The biggest factor that determines whether or not you will be a successful investor is buying a stock when it is undervalued. Investors are constantly asking themselves “is this a good price?” What you think is a good price could be very different from what I consider a good price. In the end, we all want to buy a company on sale; who doesn’t like getting a bargain?
For many of the dividend stocks I follow, the month of May provided much lower prices. I was tempted to add more shares to the companies I own - the pipelines, the banks, the insurance companies, even my oil and gas producers - but at the back of my mind the word “recession” always crept in and I questioned whether or not it was the right time.
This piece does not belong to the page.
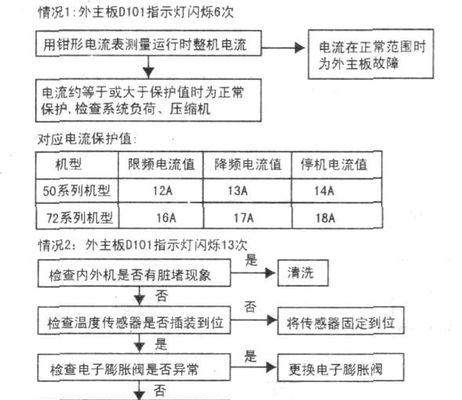 开利空调p6故障怎么办？开利空调p6故障代码含义是什么？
Worry of a recession is a daily topic of conversation. With the BOC raising rates again yesterday, people will soon begin to halt discretionary spending (if they haven’t already). There is no way we can endure a decade of low interest rates and not have a reckoning. Anyone who didn’t see this coming was not looking.
Despite all the recession noise, many investors I follow were taking advantage of the dip this past month to add to their portfolio, but even with the attractive drop, are many stocks still overvalued?
One thing is for sure, the future is great at showing us what we missed.
Looking Back
Speaking of hindsight, my mother recently gave me a binder of her old stock investment newsletters. One was dated May 10, 2013, (almost exactly 10 years ago) and rated Pembina Pipelines, AltaGas, Arc Resources and Freehold Royalties all as “buys”.
Here is the information the newsletter provided:
This newsletter referenced the MRI ratio (more on this later) as a valuation measure. The lower the number the better.
What are your thoughts when you look at these two charts?
This is what I see…
Only 1 company is paying a higher annual dividend today than it was in 2013 (PPL). Three have reduced their dividend at some point over the last 10 years.
All but one (ARX) have higher yields today as compared to 10 years ago (much of that can be attributed to the lower share price today)
All have higher Earnings Per Share
All have lower Price to Earnings ratios
All have significantly lower MRI ratios
If you had purchased these companies in 2013 after reading this newsletter, and never added to your position, your 10 year yield on cost would look like this:
Pembina 10 yr YOC 8.28%
Arc Resources 10 yr YOC 2.49%
AltaGas 10 yr YOC 3.02%
Freehold Royalties 10 yr YOC 4.52%
Compare those with the current yields for each company. You’ll see that for Arc, AltaGas and FRU the yield today is much greater than the 10 year yield on cost. These companies certainly look more attractive today than they did 10 years ago.
Remember, when you buy, what you pay, and what your starting yield is matters.